GIVEN MATERIAL:
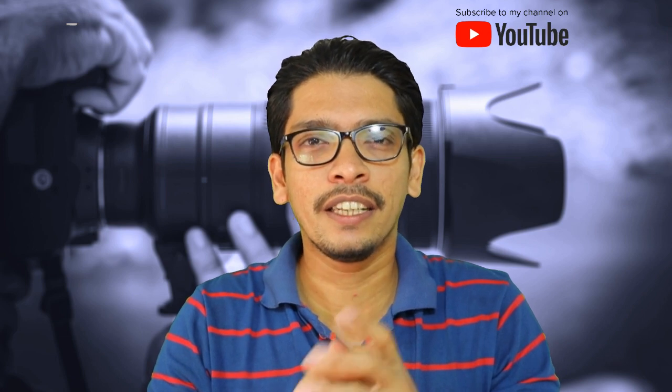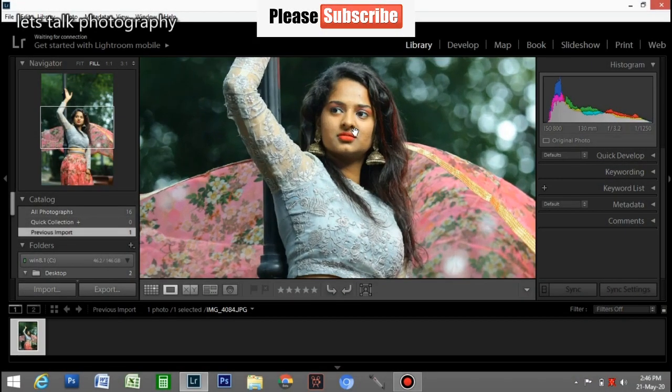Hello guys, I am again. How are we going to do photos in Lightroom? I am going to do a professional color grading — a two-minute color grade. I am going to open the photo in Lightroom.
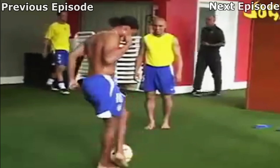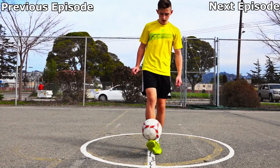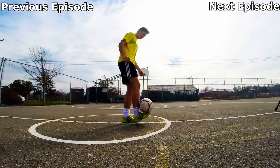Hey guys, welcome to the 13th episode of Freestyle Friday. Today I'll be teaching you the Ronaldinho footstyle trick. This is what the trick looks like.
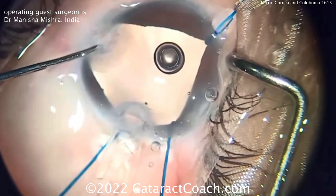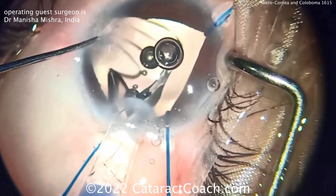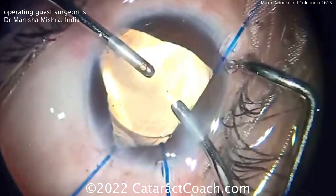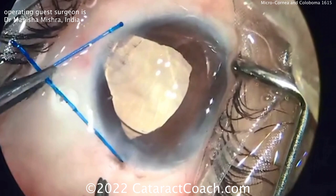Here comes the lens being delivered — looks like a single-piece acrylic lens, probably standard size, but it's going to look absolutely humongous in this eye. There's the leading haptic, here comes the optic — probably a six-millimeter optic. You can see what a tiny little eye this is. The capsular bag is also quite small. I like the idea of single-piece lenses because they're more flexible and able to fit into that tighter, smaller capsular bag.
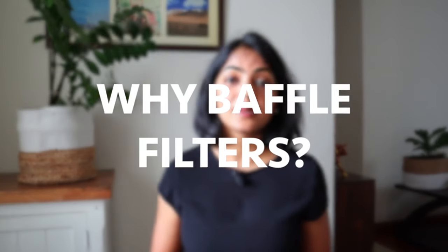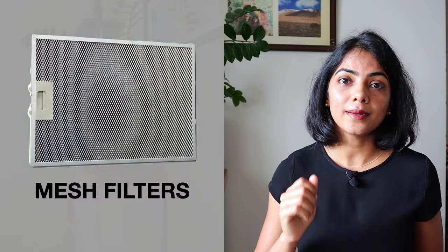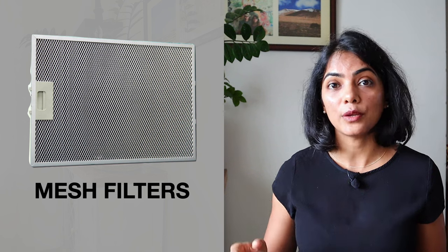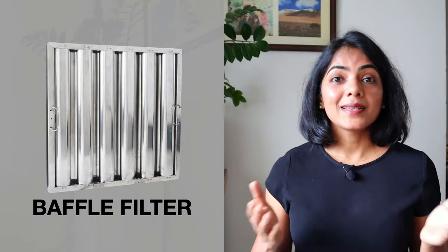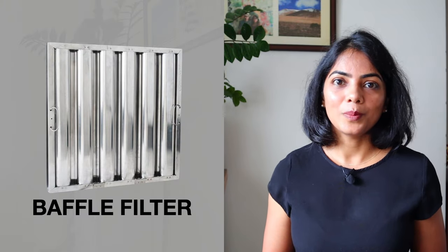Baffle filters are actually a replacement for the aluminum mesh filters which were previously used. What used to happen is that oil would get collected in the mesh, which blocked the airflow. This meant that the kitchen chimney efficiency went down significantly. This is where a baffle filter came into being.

AIM OF THE TASK:
Begin at the first line of the material and copy each line exactly through the one containing "Hey guys, welcome". Omit pictures.

EXERCISE SOLUTION:
Hello guys, I am again. How are we going to do photos in Lightroom? I am going to do a professional color grading — a two-minute color grade. I am going to open the photo in Lightroom.
Hey guys, welcome to the 13th episode of Freestyle Friday. Today I'll be teaching you the Ronaldinho footstyle trick. This is what the trick looks like.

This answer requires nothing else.